Comment: Protests can mobilise in minutes. Our policing model still runs on a 15-year delay
By Timothy Ibbotson, Lecturer in Policing, Buckinghamshire New University
Policing is rarely out of the headlines. But the reality of the job - its pressures, pace and risks - remains widely misunderstood.
Nowhere is that more true than public order policing.
Recent scenes of unrest across the UK and Northern Ireland have underlined just how quickly tensions can escalate - and how difficult it is for policing to keep pace.
If we are to keep up, we may need to fundamentally rethink how public order policing is structured – including whether a dedicated, rapid-response national capability is now required.
Today disorder can ignite in minutes. A single incident amplified online, can draw hundreds to the streets before officers have even been briefed. Rumour spreads faster than verification. Narratives form before facts.
Yet the system we rely on to manage this hasn't fundamentally changed in over a decade.
The 2011 riots were the first major example of digitally coordinated disorder. Since then, smartphones, encrypted messaging and algorithm-driven platforms have transformed how crowds form and behave. But our policing model remains largely the same.
We are trying to manage real-time, networked crises with a system designed for slower, more predictable events.
Having spent decades in frontline and public order roles, including policing large-scale operations in London, I have seen how quickly situations can shift. Officers can be redeployed from neighbourhood teams or response units at short notice, leaving gaps elsewhere - while still waiting or additional support to arrive.
The public often assumes there is a standing reserve of riot police ready to deploy. There isn't.
Most public order officers are drawn from other roles - response teams, neighbourhood beats and active criminal investigations - and redeployed when unrest breaks out. When forces run short, they rely on "Mutual Aid", requesting officers from elsewhere in the country.
This takes time.
And time is exactly what modern disorder doesn't allow.
This creates a dangerous domino effect. When we rob Peter to pay Paul to police a riot, it is ordinary communities who pay the price.
The consequences ripple far beyond the protest itself. Emergency response times lengthen. Visible policing disappears from communities. Victims of everyday crime wait longer for help.

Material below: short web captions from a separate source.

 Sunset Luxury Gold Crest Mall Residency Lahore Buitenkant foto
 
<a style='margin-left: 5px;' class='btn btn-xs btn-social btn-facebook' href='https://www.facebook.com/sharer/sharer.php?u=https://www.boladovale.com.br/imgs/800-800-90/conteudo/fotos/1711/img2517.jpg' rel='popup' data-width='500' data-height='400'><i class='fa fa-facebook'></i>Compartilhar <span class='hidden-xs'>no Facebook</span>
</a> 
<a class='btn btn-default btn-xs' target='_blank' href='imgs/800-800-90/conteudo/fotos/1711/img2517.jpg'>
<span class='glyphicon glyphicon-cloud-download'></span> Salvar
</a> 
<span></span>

Meanwhile, officers on the frontline face significant risk. Public order deployments are unpredictable, volatile and, at times, deeply dangerous - both physically and psychologically.

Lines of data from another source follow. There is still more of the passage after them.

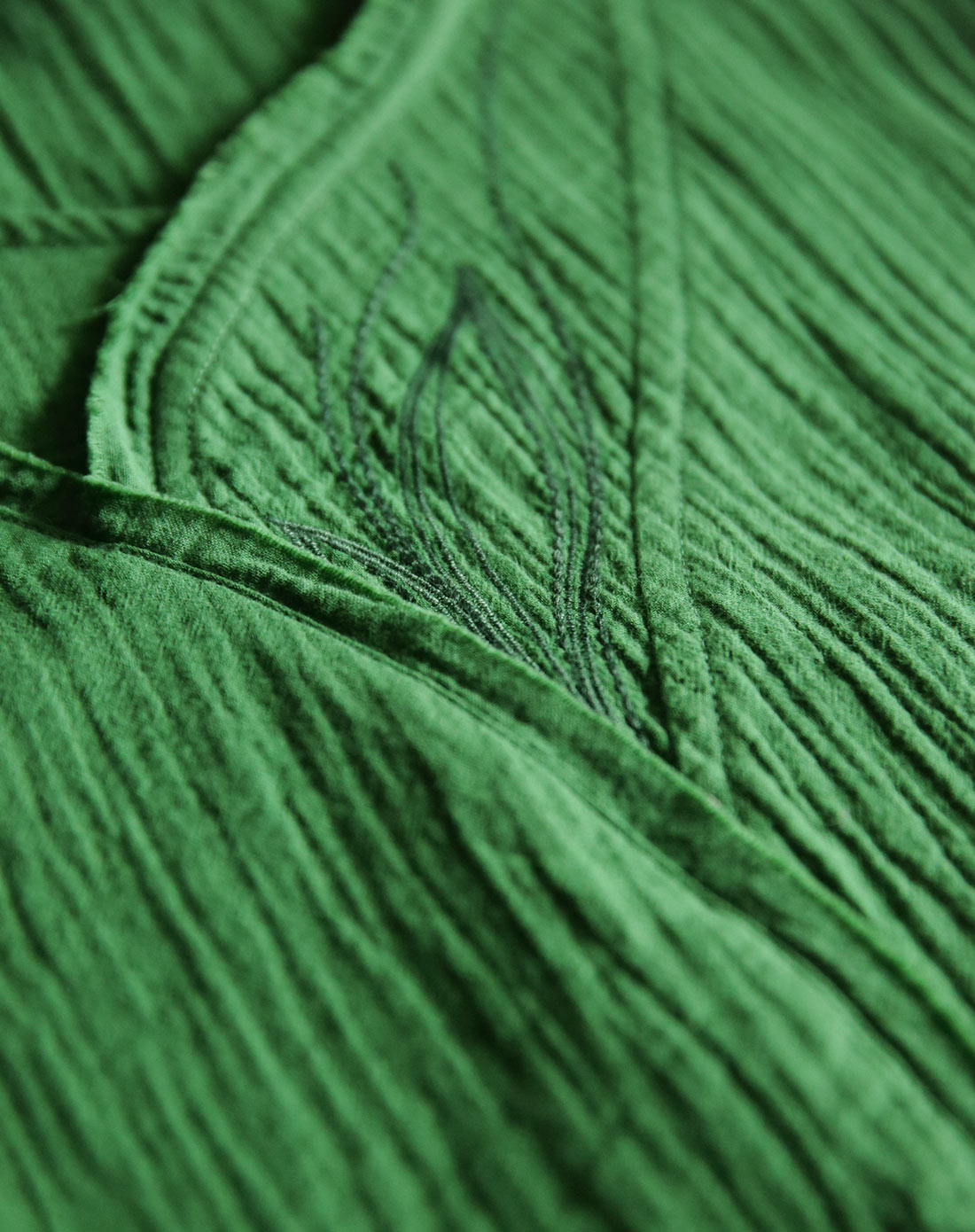 苍绿宽松九分袖文艺绣花t恤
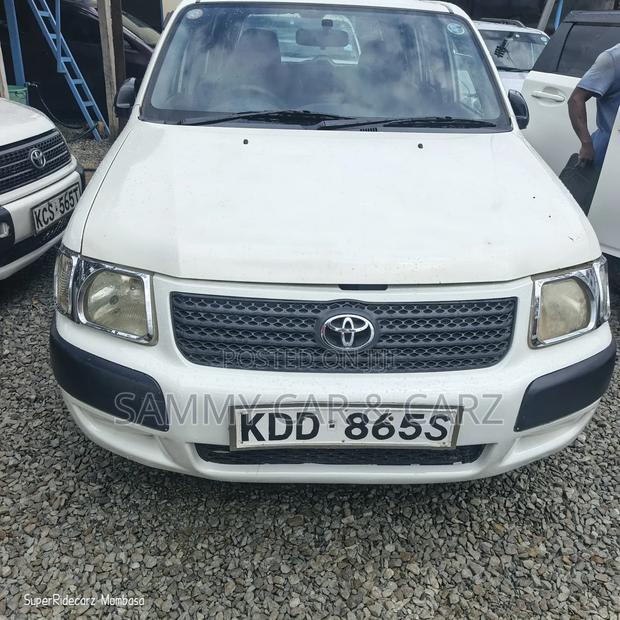 Toyota Succeed SV Premium 2014 White
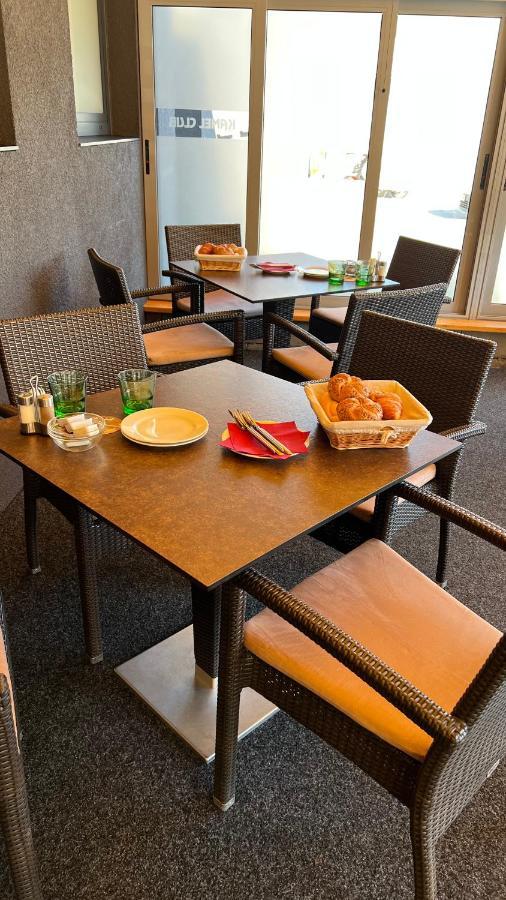Kamel Club Restaurace A Penzion Olomouc Luaran gambar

None of this is an argument against protest. The right to peaceful, lawful demonstration is fundamental to a democratic society.

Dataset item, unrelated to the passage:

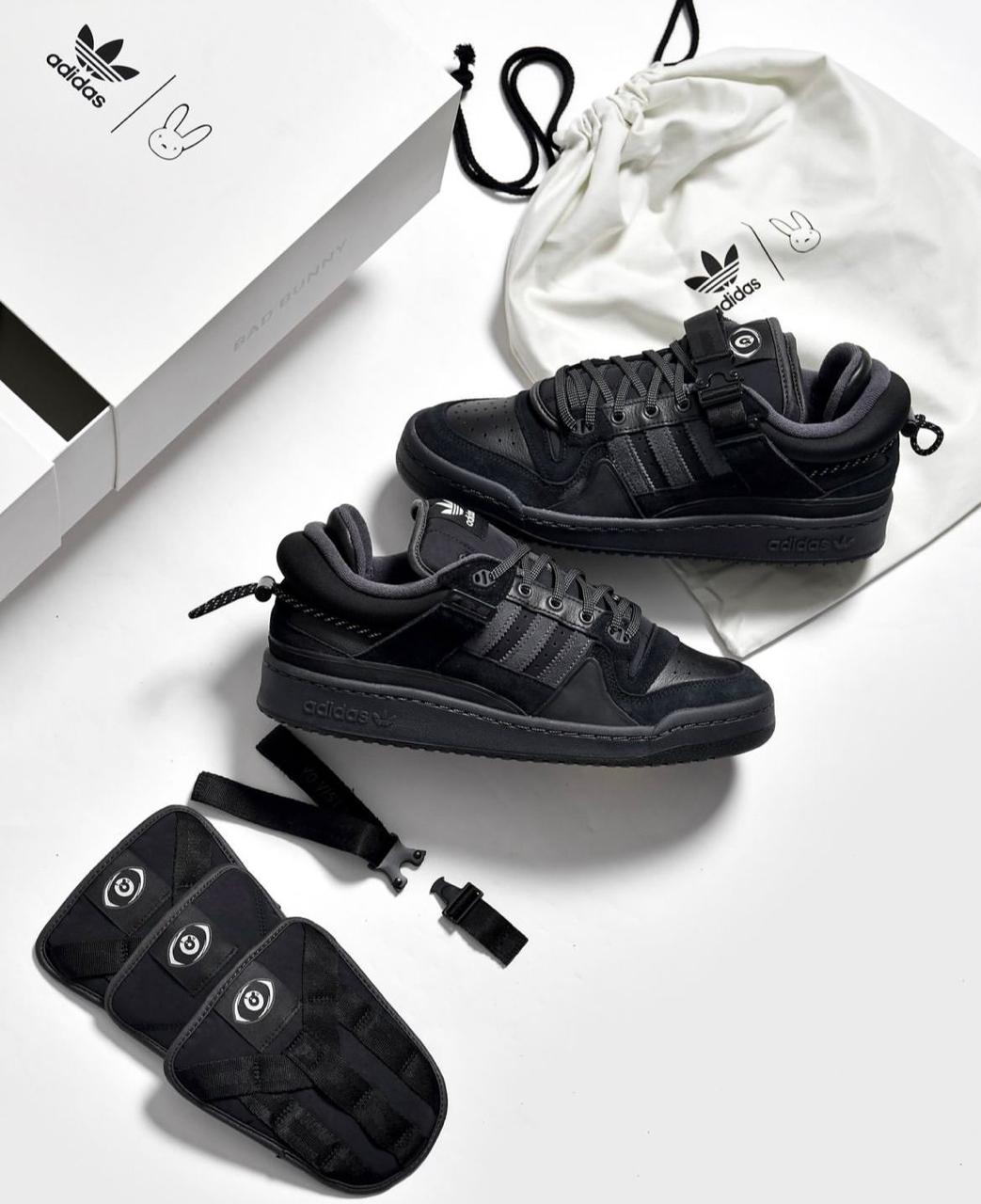 Adidas Bad Bunny “FORUM BLACK”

But when situations escalate, the state must be able to respond immediately - not hours later, once resources have been assembled.
That raises a difficult question: is our current model fit for the world we live in now?
There is an alternative.
We could establish a dedicated national public order capability, based in strategic locations across the UK, able to deploy rapidly wherever needed. A full-time, specialist workforce - not a reactive patchwork.
We already have a working example. The Metropolitan Police's Territorial Support Group (TSG) operates 24/7, providing highly trained officers who can respond quickly to emerging threats across London.
A national model could extend that capability, giving local forces immediate access to specialist support while allowing them to maintain core services in their communities.
Between deployments, these officers would not sit idle. They could support high-risk operations, search for vulnerable missing persons, and assist in complex policing activity nationwide.
This is not a small change. It would challenge long-standing assumptions about how policing is structured and delivered
But the landscape has already changed.
Public disorder is faster, more fluid and more unpredictable than it was 15 years ago. If we continue to stretch a system designed for a different era, the risk is not just inefficiency - but failure at the moments when it matters most.